Repeat each line of the material below exactly.
BEGIN SOURCE DATA
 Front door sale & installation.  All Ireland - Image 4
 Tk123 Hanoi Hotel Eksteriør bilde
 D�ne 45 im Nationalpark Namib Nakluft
END SOURCE DATA
- _RESULT OF THE EXERCISE_:
 Front door sale & installation.  All Ireland - Image 4
 Tk123 Hanoi Hotel Eksteriør bilde
 D�ne 45 im Nationalpark Namib Nakluft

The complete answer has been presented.